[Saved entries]

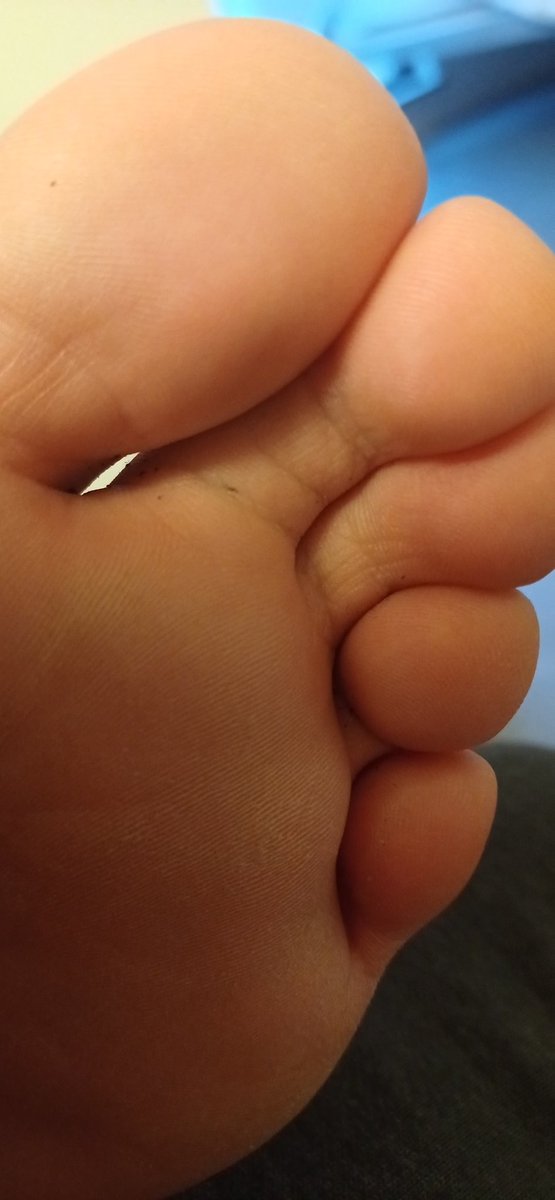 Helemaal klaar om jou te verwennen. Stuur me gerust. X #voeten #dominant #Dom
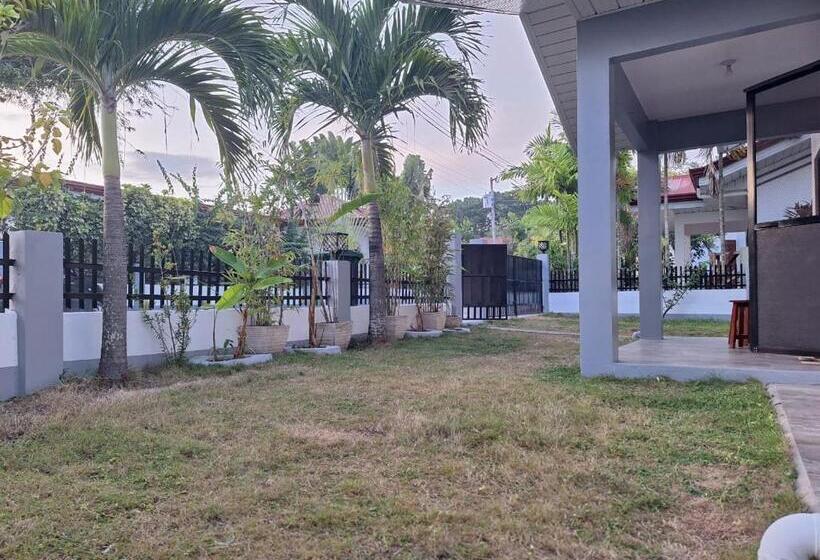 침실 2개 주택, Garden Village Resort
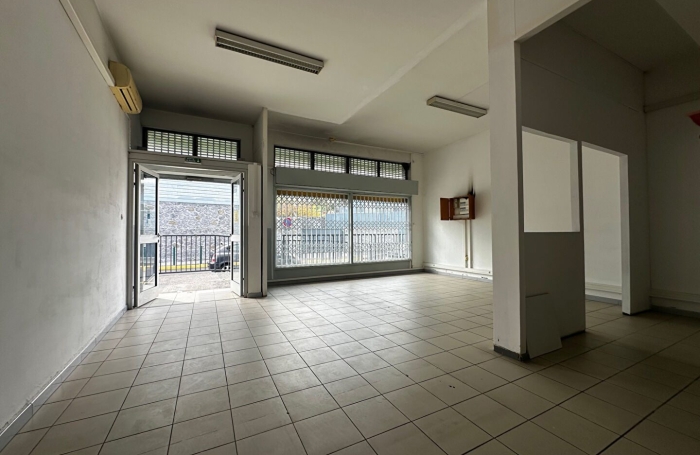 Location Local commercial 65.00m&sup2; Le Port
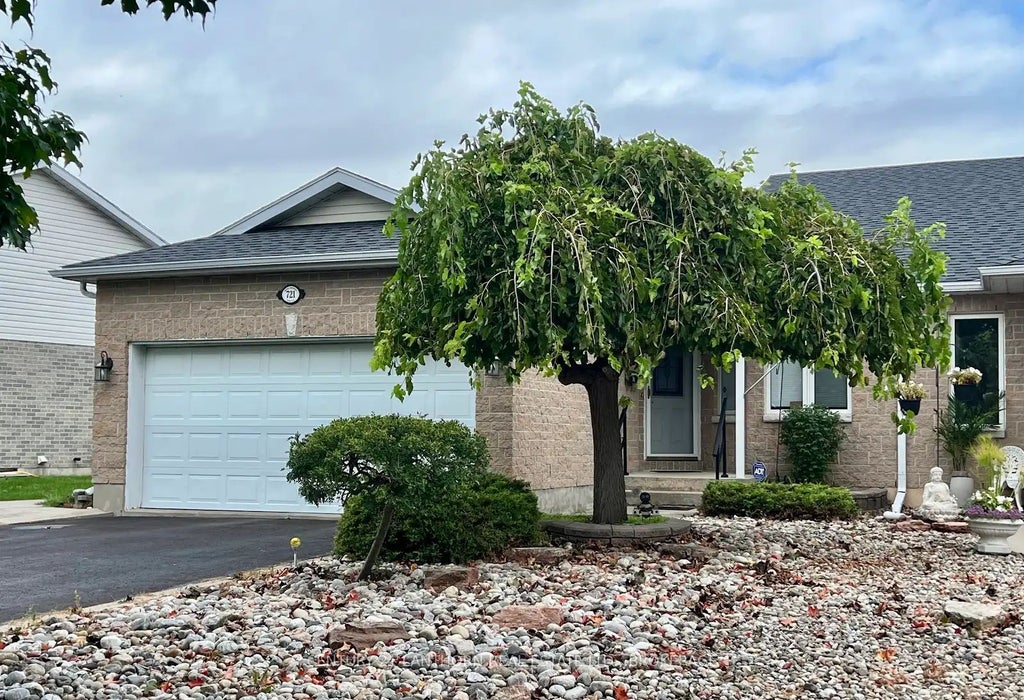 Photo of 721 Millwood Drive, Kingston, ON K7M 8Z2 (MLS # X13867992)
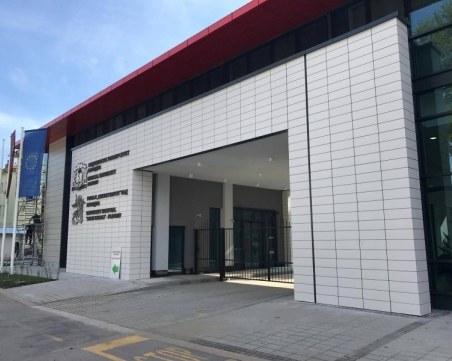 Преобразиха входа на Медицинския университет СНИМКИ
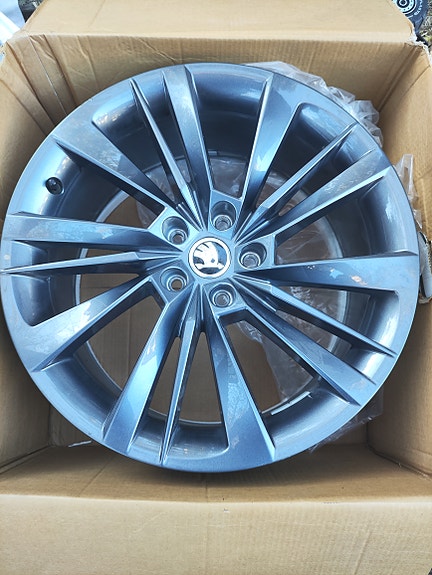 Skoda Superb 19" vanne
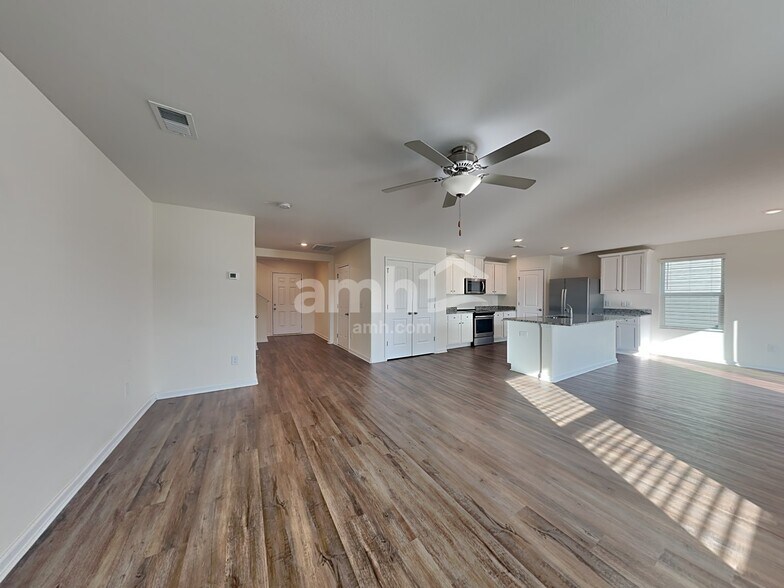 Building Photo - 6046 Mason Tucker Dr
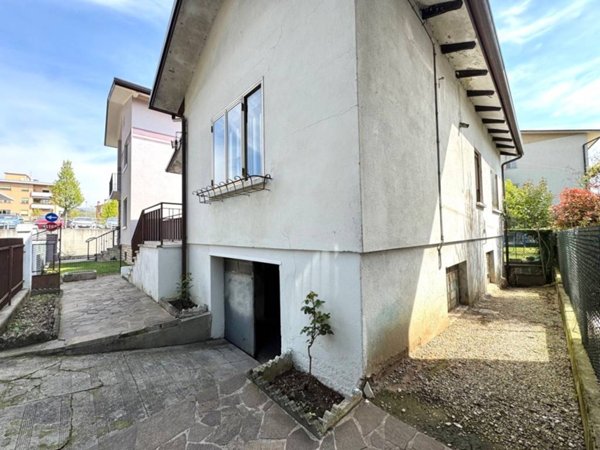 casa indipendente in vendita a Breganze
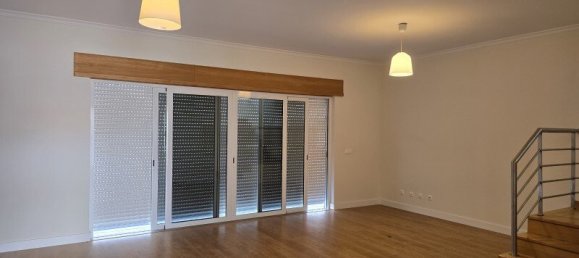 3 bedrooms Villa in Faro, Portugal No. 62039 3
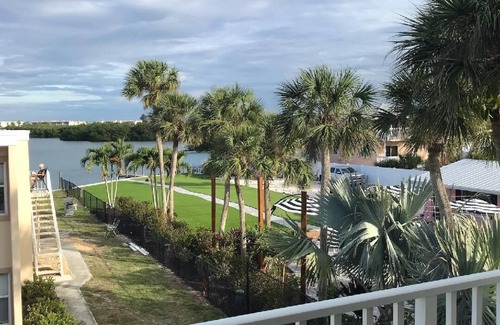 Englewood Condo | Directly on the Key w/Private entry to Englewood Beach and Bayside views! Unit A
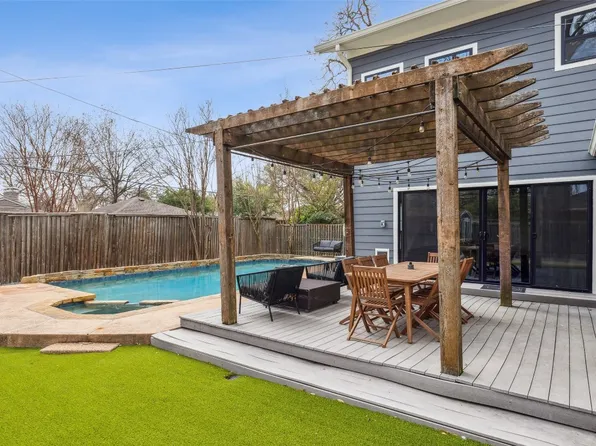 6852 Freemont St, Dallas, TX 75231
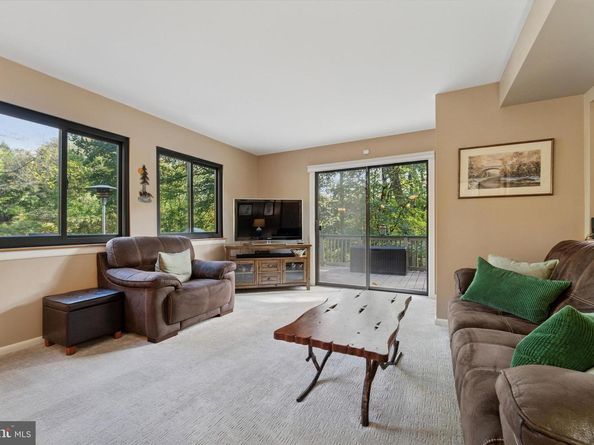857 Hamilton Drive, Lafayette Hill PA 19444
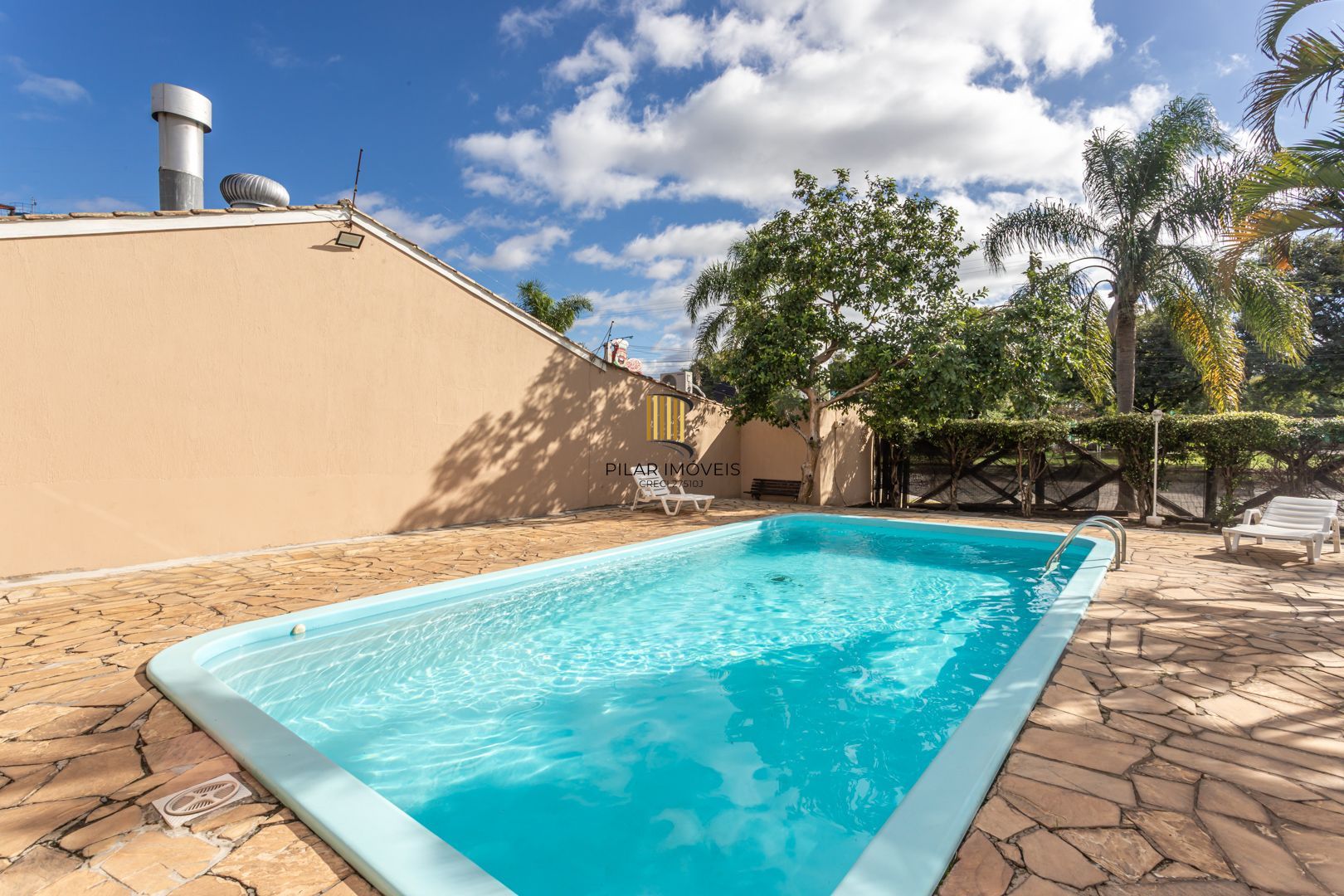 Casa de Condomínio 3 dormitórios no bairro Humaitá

**What you will do:** With the images omitted, repeat all the data word for word.

**Response:**
 Helemaal klaar om jou te verwennen. Stuur me gerust. X #voeten #dominant #Dom
 침실 2개 주택, Garden Village Resort
 Location Local commercial 65.00m&sup2; Le Port
 Photo of 721 Millwood Drive, Kingston, ON K7M 8Z2 (MLS # X13867992)
 Преобразиха входа на Медицинския университет СНИМКИ
 Skoda Superb 19" vanne
 Building Photo - 6046 Mason Tucker Dr
 casa indipendente in vendita a Breganze
 3 bedrooms Villa in Faro, Portugal No. 62039 3
 Englewood Condo | Directly on the Key w/Private entry to Englewood Beach and Bayside views! Unit A
 6852 Freemont St, Dallas, TX 75231
857 Hamilton Drive, Lafayette Hill PA 19444
 Casa de Condomínio 3 dormitórios no bairro Humaitá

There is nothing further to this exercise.